This is a question from Statistical Theory I have encountered. I have almost solved it, but have some trouble interpreting the solution. Something seems weird, and I am not sure whether I am entirely correct.
X is a random variable with distribution $\frac3{\theta^3} x^2 {1}_{(0,\theta)}$. We want to test the hypotheses: $H_0: \theta = 1$ vs. $H_1: \theta = 1.1$ with significance level $\alpha$ = $P(\text{reject }H_0| H_0 \text{ is true})$. We gather $n$ = 100 observations.
Okay, we perform the likelihood ratio test: $$ \Lambda = \frac{L(x_i,\theta_1)}{L(x_i\theta_0)} = \frac{(\frac{3}{1.1^3})^n(\Pi x_i)^2 1_{(0,1.1)}}{3^n(\Pi x_i)^2 1_{(0,1)}} = \begin{cases} c_n, & \text{if $\max x_i \leq 1$} \\ +\infty, & \text{if $\max x_i \geq 1$} \\ \end{cases} $$ Where $c_n = (\frac 1{1.1^{3n}}) = c_{100} = c$
I get trouble attempting to match the hypothesis level: the test should go like this: reject $H_0$ is $\Lambda$ > $C = C(\alpha)$.
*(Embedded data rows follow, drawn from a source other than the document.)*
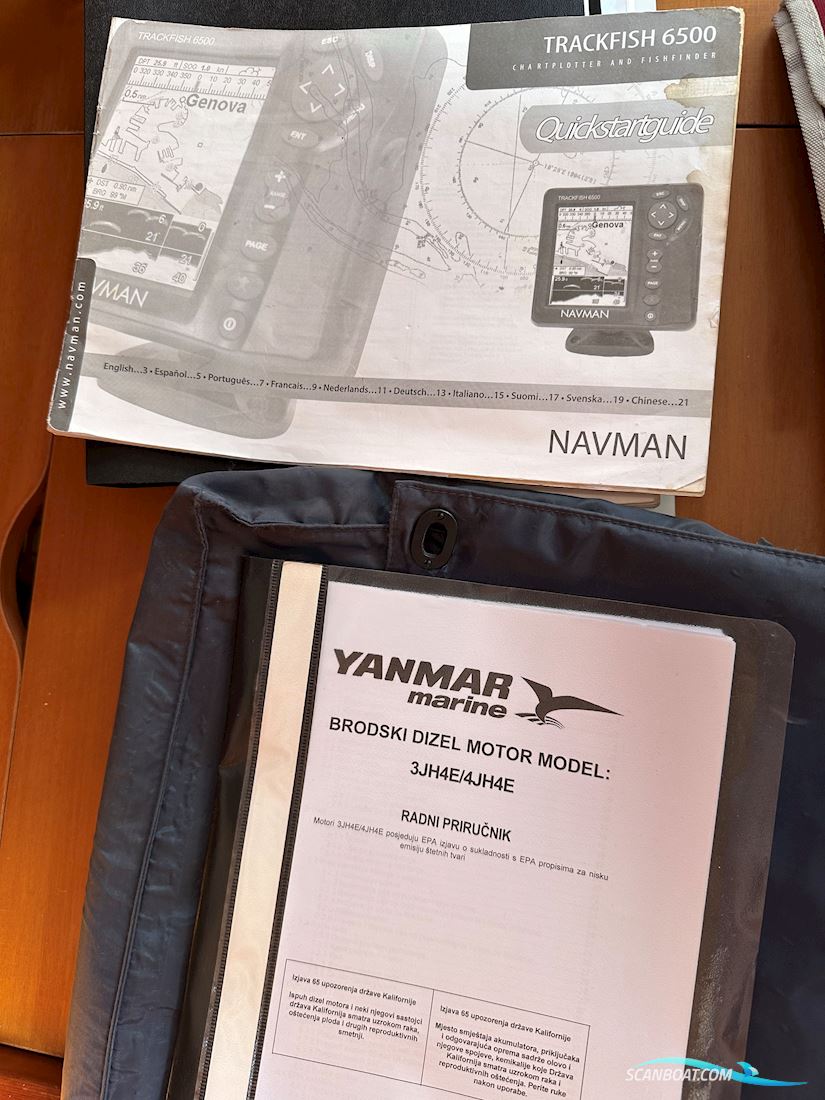 Beneteau Oceanis 393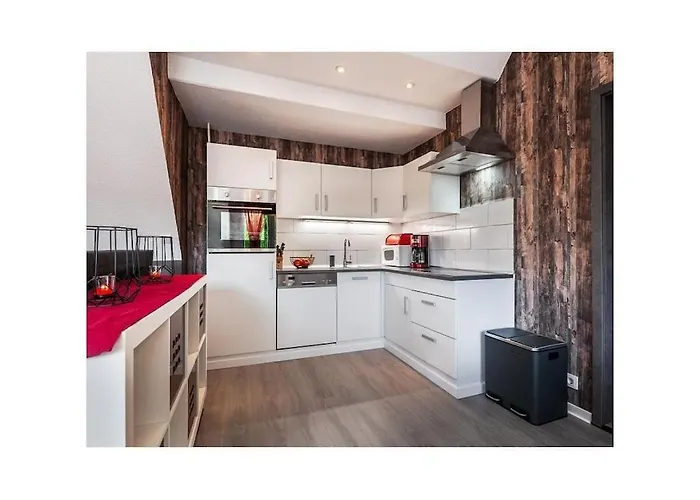 Apartamento Ostseeloft Center *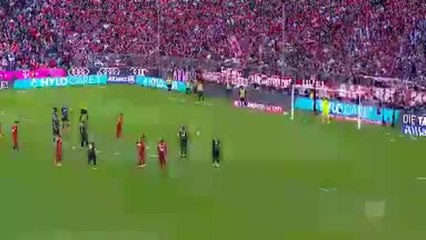 5e j. - Coutinho inscrit son premier but sous les couleurs bavaroises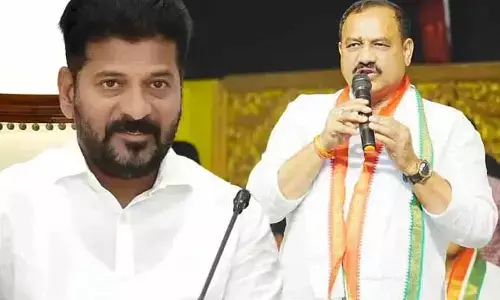 నేడు కాంగ్రెస్ కీలక సమావేశం.. మున్సిపోల్స్ పై ప్రధాన చర్చ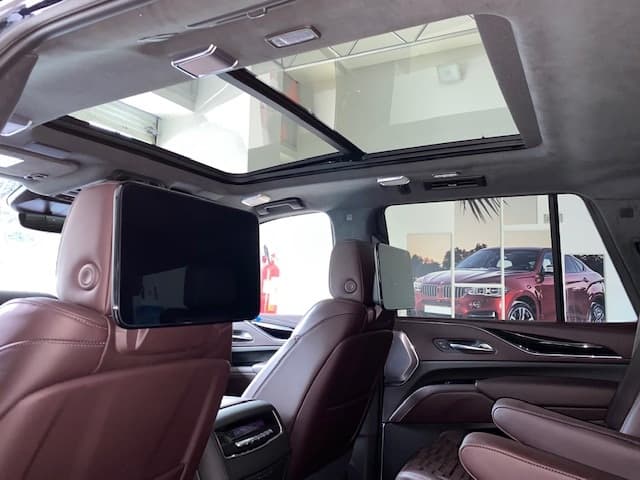 Cadillac ESCALADE 2021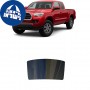 לרכב Toyota Tacoma Extd PU 2016 ציפוי חלונות שחורים רב פעמי סיליקון לחלון האחורי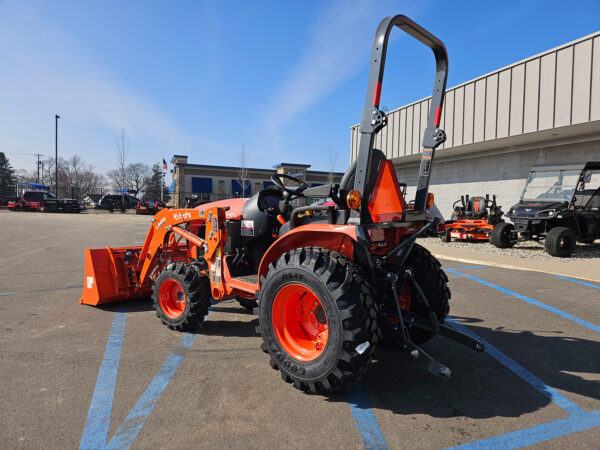 Kubota B2601HSD - Image 2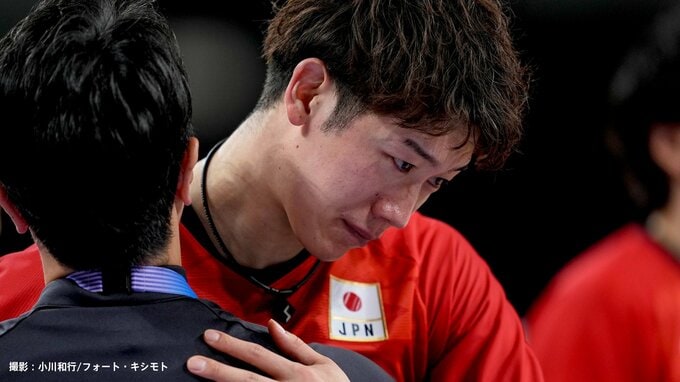 石川祐希「また強くなって戻ってくるしかない」髙橋藍「3年間バレーにつぎ込んできた」西田有志「これがバレーボールだな」イタリア戦後コメント【パリ五輪】|TBS NEWS DIG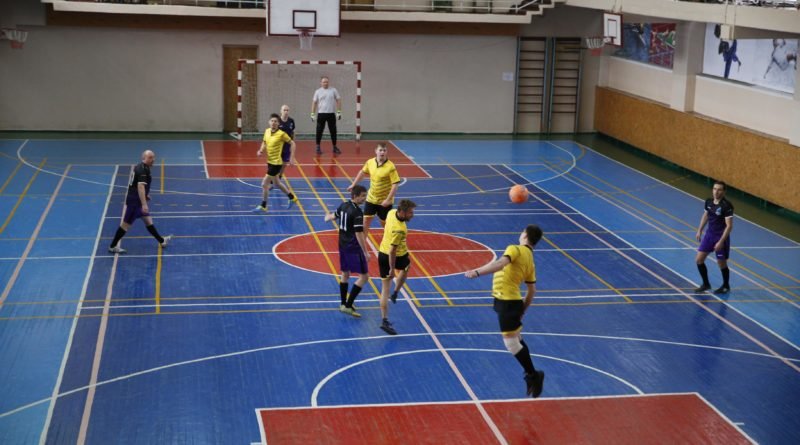 футзал днепр1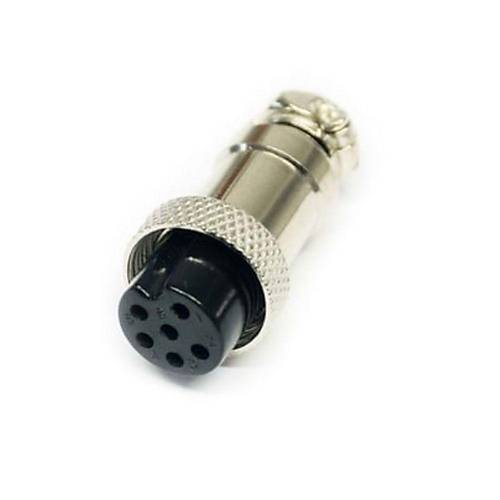 IC-261M 12mm Mayk Dii ase 5P Konnektr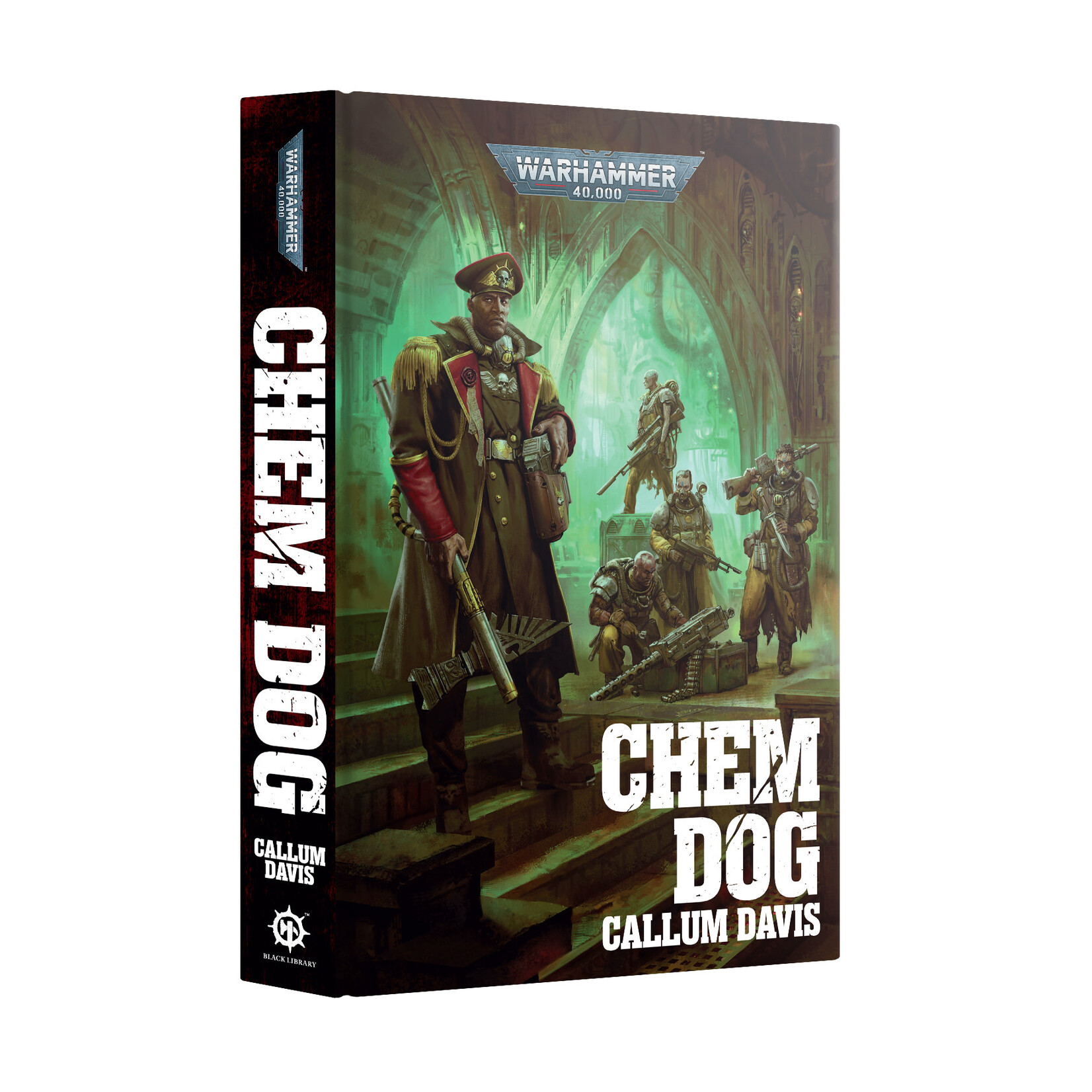 Games Workshop Chem Dog HC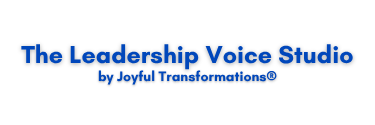The Leadership Voice Studio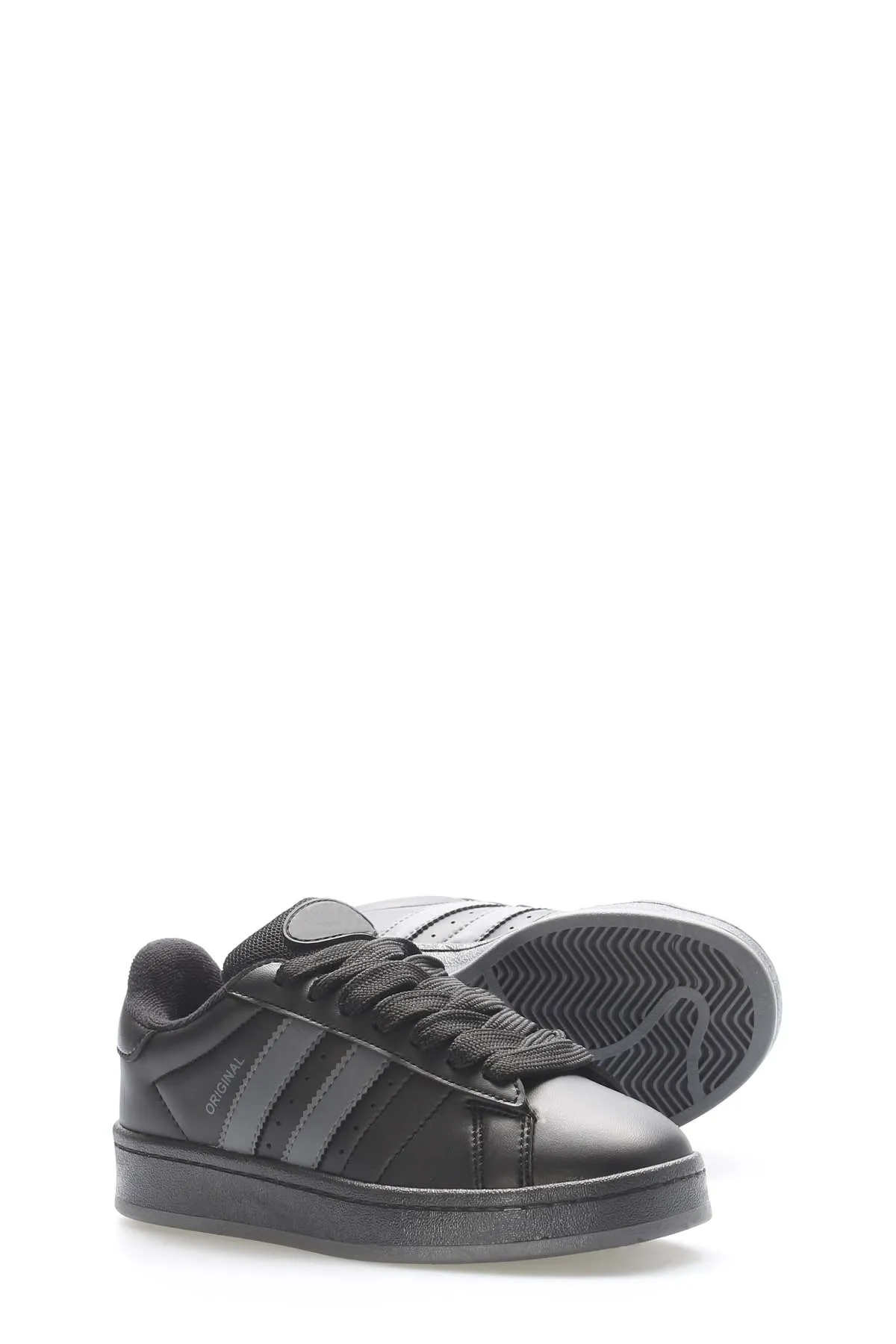 FST Women's Walking Shoes 869ZA607 Black - Francisco I. Madero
If $C < c$ we always reject $H_0$. Therefore significance level is 1. if $C > c$ we reject the null hypothesis only if $\max x_i > 1$. But under $H_0$ this never happens, therefore $\alpha = 0$
The power of the test is $\pi = 1 - P(\text{do not reject } H_0| H_1 \text{ is true}) = \text{either } 1 \text{ or some other constant, which I have calculated to be ~~$1-0.75^n$, depending on $C >< c$}$
So, first of all, can somebody please verify whether I have made any significant mistakes? (I may have gotten some number wrong, but am I conceptually correct?)
How do I calculate $C = C(\alpha)?$ What is the precise significance and power of this test for, say $\alpha = 0.01$? The fact the the test is so "$\alpha$-independent" makes me suspicious.